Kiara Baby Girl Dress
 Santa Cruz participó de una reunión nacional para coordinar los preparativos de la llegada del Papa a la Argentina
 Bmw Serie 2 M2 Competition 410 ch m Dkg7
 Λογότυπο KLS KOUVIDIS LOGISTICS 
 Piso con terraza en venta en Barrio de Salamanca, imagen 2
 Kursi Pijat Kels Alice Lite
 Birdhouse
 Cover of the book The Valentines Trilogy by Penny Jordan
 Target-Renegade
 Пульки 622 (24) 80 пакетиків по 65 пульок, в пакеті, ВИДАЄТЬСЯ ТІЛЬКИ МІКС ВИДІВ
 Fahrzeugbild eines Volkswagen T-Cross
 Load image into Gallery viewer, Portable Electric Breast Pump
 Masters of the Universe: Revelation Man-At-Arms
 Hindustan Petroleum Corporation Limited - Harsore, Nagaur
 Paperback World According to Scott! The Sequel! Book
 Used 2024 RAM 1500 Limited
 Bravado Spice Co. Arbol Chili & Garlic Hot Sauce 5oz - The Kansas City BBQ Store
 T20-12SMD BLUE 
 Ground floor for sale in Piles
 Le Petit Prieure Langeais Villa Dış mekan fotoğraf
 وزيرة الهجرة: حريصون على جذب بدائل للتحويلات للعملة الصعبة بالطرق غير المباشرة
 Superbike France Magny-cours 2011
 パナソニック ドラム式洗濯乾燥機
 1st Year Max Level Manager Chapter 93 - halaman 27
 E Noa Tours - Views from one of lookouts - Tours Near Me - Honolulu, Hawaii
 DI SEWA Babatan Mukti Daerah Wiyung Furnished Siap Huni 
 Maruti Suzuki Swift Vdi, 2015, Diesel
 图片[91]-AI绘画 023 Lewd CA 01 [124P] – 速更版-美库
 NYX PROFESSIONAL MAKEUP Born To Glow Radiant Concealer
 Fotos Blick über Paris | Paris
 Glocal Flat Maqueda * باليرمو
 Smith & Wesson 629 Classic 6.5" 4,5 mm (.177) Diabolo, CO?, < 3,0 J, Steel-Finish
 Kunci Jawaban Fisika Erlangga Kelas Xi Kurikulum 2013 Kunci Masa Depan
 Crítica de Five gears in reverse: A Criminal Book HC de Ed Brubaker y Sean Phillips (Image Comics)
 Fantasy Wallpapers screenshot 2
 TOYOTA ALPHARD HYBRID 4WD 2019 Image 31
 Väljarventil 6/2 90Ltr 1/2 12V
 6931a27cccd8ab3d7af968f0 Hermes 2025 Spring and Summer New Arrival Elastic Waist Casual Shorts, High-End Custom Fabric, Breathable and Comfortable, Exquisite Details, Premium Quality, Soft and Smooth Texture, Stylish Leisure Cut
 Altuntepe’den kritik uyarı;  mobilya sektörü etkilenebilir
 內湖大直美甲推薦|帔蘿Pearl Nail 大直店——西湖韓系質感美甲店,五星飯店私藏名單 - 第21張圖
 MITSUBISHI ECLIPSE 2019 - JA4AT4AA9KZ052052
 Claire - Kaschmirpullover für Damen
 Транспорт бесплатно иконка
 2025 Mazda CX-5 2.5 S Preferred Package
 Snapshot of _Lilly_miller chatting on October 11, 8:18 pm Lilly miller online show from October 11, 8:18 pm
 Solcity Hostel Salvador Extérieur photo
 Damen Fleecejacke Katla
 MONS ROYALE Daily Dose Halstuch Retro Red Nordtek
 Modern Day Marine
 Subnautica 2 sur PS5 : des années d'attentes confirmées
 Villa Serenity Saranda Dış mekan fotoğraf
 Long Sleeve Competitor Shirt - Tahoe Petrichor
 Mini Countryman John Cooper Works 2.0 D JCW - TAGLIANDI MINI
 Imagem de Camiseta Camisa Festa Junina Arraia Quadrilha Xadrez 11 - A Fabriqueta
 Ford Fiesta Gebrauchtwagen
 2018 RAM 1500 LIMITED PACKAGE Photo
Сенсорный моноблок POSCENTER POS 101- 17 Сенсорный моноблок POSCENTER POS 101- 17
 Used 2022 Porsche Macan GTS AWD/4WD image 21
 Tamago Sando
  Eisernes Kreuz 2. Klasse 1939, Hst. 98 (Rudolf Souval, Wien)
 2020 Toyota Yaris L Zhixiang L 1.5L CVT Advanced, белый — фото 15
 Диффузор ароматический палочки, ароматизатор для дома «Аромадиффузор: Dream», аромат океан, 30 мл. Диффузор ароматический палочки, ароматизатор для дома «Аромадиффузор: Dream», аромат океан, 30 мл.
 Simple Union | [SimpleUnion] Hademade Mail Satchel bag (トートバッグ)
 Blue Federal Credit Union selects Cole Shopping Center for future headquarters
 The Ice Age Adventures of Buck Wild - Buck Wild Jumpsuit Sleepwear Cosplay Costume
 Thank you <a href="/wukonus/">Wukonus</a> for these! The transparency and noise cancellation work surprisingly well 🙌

===============

Required work — Please, starting with the first line of the material above, write out each line exactly and finish on the line that includes "6931a27cccd8ab3d7af968f0 Hermes 2025".

Completed exercise —
Kiara Baby Girl Dress
 Santa Cruz participó de una reunión nacional para coordinar los preparativos de la llegada del Papa a la Argentina
 Bmw Serie 2 M2 Competition 410 ch m Dkg7
 Λογότυπο KLS KOUVIDIS LOGISTICS 
 Piso con terraza en venta en Barrio de Salamanca, imagen 2
 Kursi Pijat Kels Alice Lite
 Birdhouse
 Cover of the book The Valentines Trilogy by Penny Jordan
 Target-Renegade
 Пульки 622 (24) 80 пакетиків по 65 пульок, в пакеті, ВИДАЄТЬСЯ ТІЛЬКИ МІКС ВИДІВ
 Fahrzeugbild eines Volkswagen T-Cross
 Load image into Gallery viewer, Portable Electric Breast Pump
 Masters of the Universe: Revelation Man-At-Arms
 Hindustan Petroleum Corporation Limited - Harsore, Nagaur
 Paperback World According to Scott! The Sequel! Book
 Used 2024 RAM 1500 Limited
 Bravado Spice Co. Arbol Chili & Garlic Hot Sauce 5oz - The Kansas City BBQ Store
 T20-12SMD BLUE 
 Ground floor for sale in Piles
 Le Petit Prieure Langeais Villa Dış mekan fotoğraf
 وزيرة الهجرة: حريصون على جذب بدائل للتحويلات للعملة الصعبة بالطرق غير المباشرة
 Superbike France Magny-cours 2011
 パナソニック ドラム式洗濯乾燥機
 1st Year Max Level Manager Chapter 93 - halaman 27
 E Noa Tours - Views from one of lookouts - Tours Near Me - Honolulu, Hawaii
 DI SEWA Babatan Mukti Daerah Wiyung Furnished Siap Huni 
 Maruti Suzuki Swift Vdi, 2015, Diesel
 图片[91]-AI绘画 023 Lewd CA 01 [124P] – 速更版-美库
 NYX PROFESSIONAL MAKEUP Born To Glow Radiant Concealer
 Fotos Blick über Paris | Paris
 Glocal Flat Maqueda * باليرمو
 Smith & Wesson 629 Classic 6.5" 4,5 mm (.177) Diabolo, CO?, < 3,0 J, Steel-Finish
 Kunci Jawaban Fisika Erlangga Kelas Xi Kurikulum 2013 Kunci Masa Depan
 Crítica de Five gears in reverse: A Criminal Book HC de Ed Brubaker y Sean Phillips (Image Comics)
 Fantasy Wallpapers screenshot 2
 TOYOTA ALPHARD HYBRID 4WD 2019 Image 31
 Väljarventil 6/2 90Ltr 1/2 12V
 6931a27cccd8ab3d7af968f0 Hermes 2025 Spring and Summer New Arrival Elastic Waist Casual Shorts, High-End Custom Fabric, Breathable and Comfortable, Exquisite Details, Premium Quality, Soft and Smooth Texture, Stylish Leisure Cut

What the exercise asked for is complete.